6 different images for 6 cube sides

Attribution

  1. image1.jpg - Stockton Street Tunnel in Chinatown, SF (Google Maps).
  2. image2.jpg - Ring Nebula (Webb Space Telescope, NASA).
  3. image3.jpg - Lakeith Stanfield (Ryan Pfluger—The New York Times/Redux).
  4. image4.jpg - Aprilia Tuono 457.
  5. image5.jpg - La Bufa in Guanajuato, MX (my photo).
  6. image6.jpg - Flag of Oakland, California (Wikipedia).

Let’s get out of here – index4.html

For my 4th version, I switched to ChatGPT and used the same approach. It works better, but is still only about 80% accurate. Double click the cube to roll it 🔈:

At this point, the code was out of my control. The app had multiple functions to detect the resulting face 😱 and, I had questions I could not answer:

  1. Were user view and camera view the same thing? I thought they were – so why would the function read the result of the roll so differently than my eyeballs did?
  2. What is negative z-index?
  3. What the nut 🌰 is all this trigonometry and these transformations?

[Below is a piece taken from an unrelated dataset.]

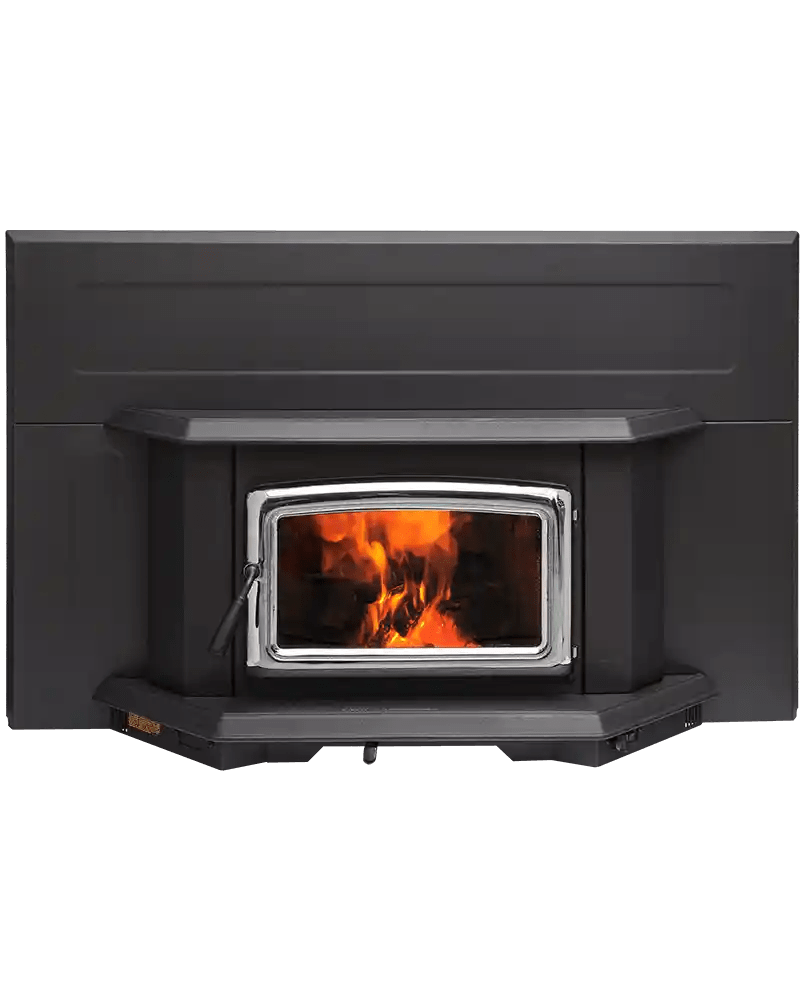Cast-iron stove with glass door and glowing fire inside a dark surrounding mantel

This is when I threw in the towel:

1
2
3
4
5
6
7
8
9
10
11
12
13
14
15
    // In view space, camera looks down -Z (common OpenGL convention).
    // So "most visible" means normal points most toward camera = most NEGATIVE z.
    let bestN = faces[0].n;
    let bestScore = Infinity; // we want smallest z

    for (const f of faces) {
      const tv = multMatVec3(m, f.v);  // transformed normal (approx; ok for pure rotations)
      const z = tv[2];

      if (z < bestScore) {
        bestScore = z;
        bestN = f.n;
      }
    }
    return bestN;

I know that I could understand the spatial math and the camera conventions if I set my mind to it. :)

But, I’m not that programmer. I help students explore game mechanics and experiment with novel digital instruments for storytelling and interaction. In the end, I like to know what’s in the weeds, but that’s not where I live. I’m now going to learn what we can build with just Twine!

I spent less than 24 hours on these experiments (and the writeup).

This post is licensed under CC BY 4.0 by the author.